Side A:
Side B:
May 12, 2024
This week, Steve Albini died. There's been a lot of ink spilled on Albini's influence on art, particularly on underground and alt music. He touched hundreds of brilliant songs and guided musicians to some of their best work; his engineering discography is a wonder. You've likely spent the week revisiting—and discovering—just how widespread his legacy is.
I guess that's the thing I'm pondering this week—legacy. For every tweet, blog post, or article celebrating life-changing music Albini helped bring to existence, there were just as many pointing to what a fucking cool guy he was. I don't say cool in that gate-keeping, holier-than-thou way. People poured forth with anecdotes about meeting him at gas stations; getting polite emails back for impossible, hail-mary requests; about thoughtful Reddit responses to AMA sessions. They shared their favourite clips of Albini in no-bullshit talks with Nardwar and Anthony Bourdain, speaking firmly about artistry and capitalism and just about every other thing. He was, as they say, a real one.
Legacy is something a lot of artists grapple with—how can we create a body of work that stands the test of time? That impacts others? I don't get the impression that Albini was all that hung up on it, and I think that his legacy is stronger for it. He focused on making good shit with people he admired and staying true to his principles while he did it. In the end, that's all we have control over. Awards, accolades, validation—we don't have control over that, and none of it really matters.
We like to think writing is solitary, but it isn't; so many beta readers and friends and fans and, if we're lucky, agents and editors and promo teams and all kinds of others touch our work and guide it to the world. Keep making good shit with people you admire. Stay true to yourself while you do it. Steve taught us that's all that counts, in the end.
Note for anyone waiting on me to read subs: I'm behind, my apologies! I'm moving cities in early June and it's taking up a lot of my bandwidth. I'll be getting to your stuff, I promise. I can't wait.
Rounding up this week's mixtape:
"Spaceship" will make your eyes water by proxy as Julián Martinez chops onions and contemplates Kanye at a college job he hates. Julián's another repeat offender here at Major 7th and I'm happy to have him back. He's been on an absolute heater this year, watch his work carefully.
Get your hands dirty in "For No One", Robbie Herbst's foray into a good turn while gardening for a neighbour. Cottage core insanity summer, here we come.
Romy Ewing's "Kids" keeps a light touch in two stanzas. I'm not sure if we're fighting the fainting sensation, or giving in to it, but I like it that much better for not knowing.
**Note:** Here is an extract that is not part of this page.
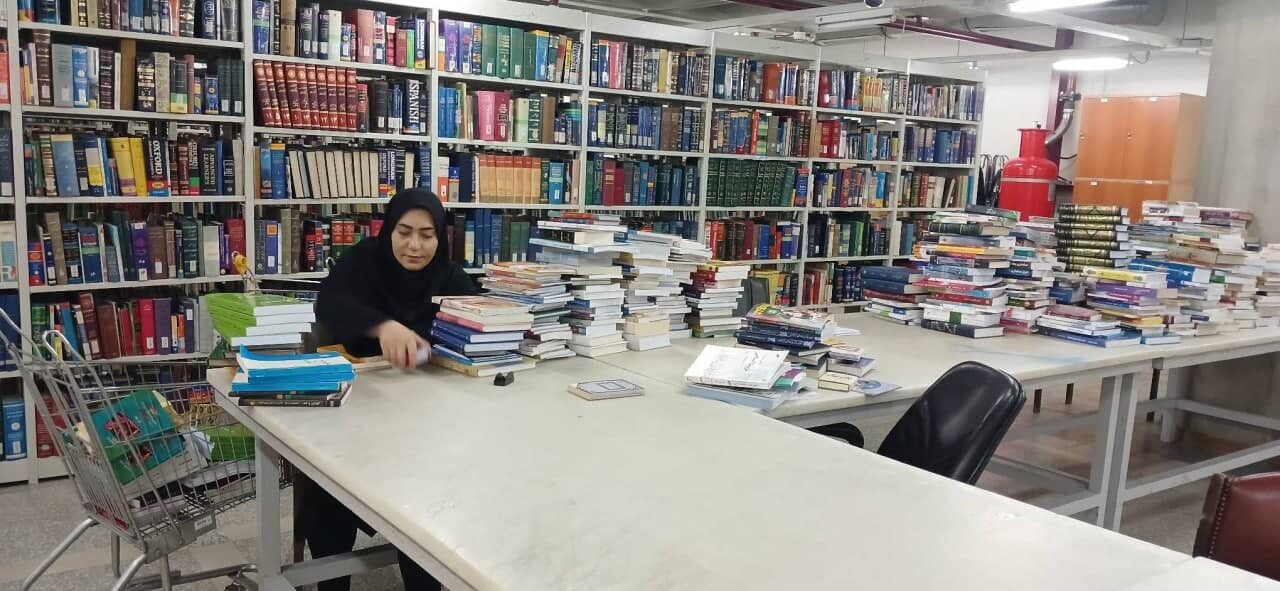 ۳۵۰۰ جلد کتاب به کتابخانههای عمومی استان ایلام اهدا شد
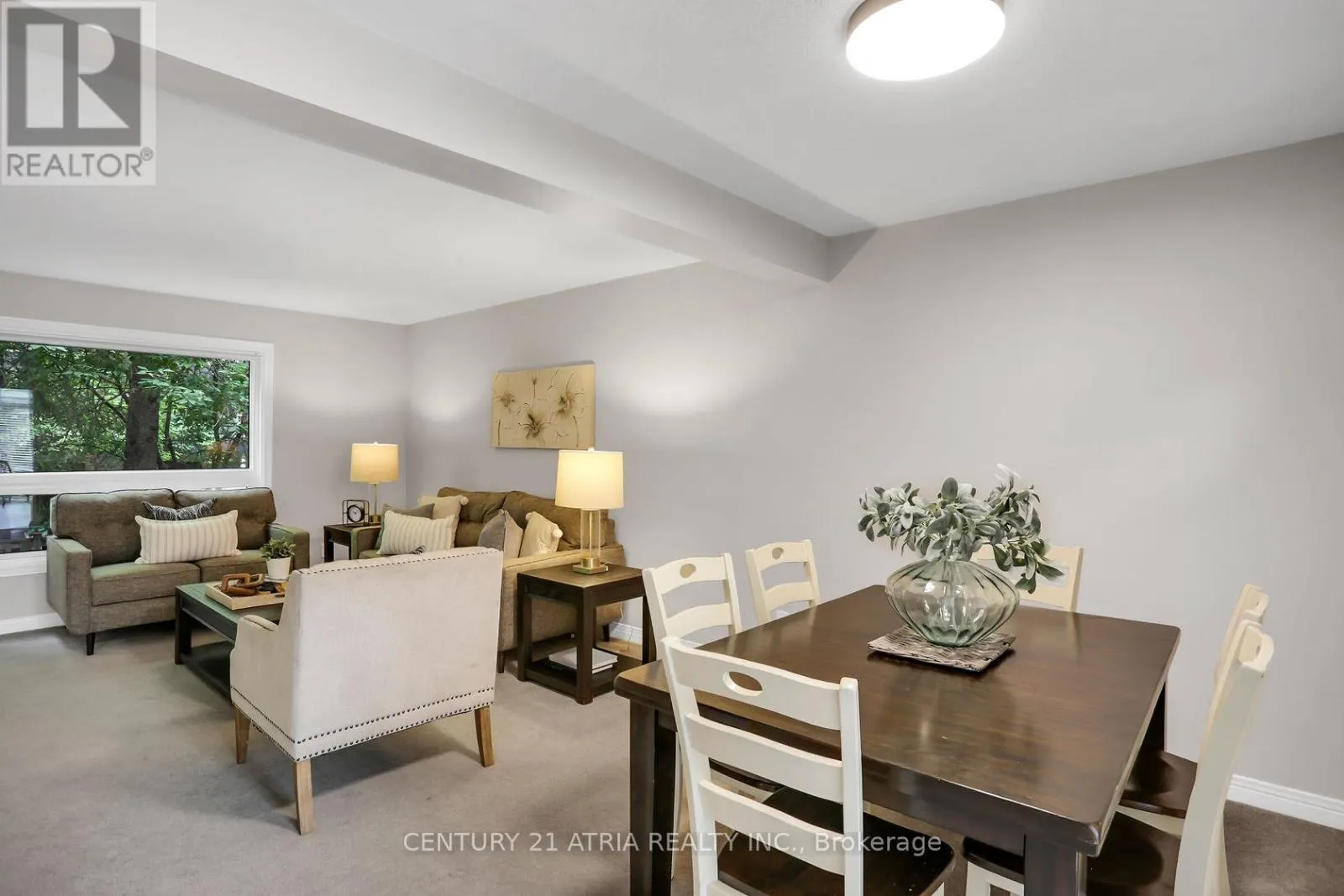 7 - 683 WINDERMERE ROAD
"Rainbow Meat" makes voyeurs of us for a backseat make-out sesh-turned-body swap, all tangled limbs and tongues. Thanks Caleb Bethea for a being another M7 alum returned to our pages (and thanks Caleb for running the band t-shirt subcall while I move! Today's your last day to submit!)
I can't tell you how many "the day Kurt died" submissions I've gotten but I can tell you that Lori Barrett's "Lithium" stands out; it'll probably be the only one I ever take memorializing the day, because it nails how Cobain's death at once pierced and strengthened Gen X disaffect in one single instant.
In an odd twist of coincidence, we're bidding Steve Albini goodbye with "Farewell Transmission", a Sean Meggeson poem named for the Albini-produced track which drops us at the doorstep of an underworld and dares us to take a step forward.
Thanks for making and sending your good shit, always.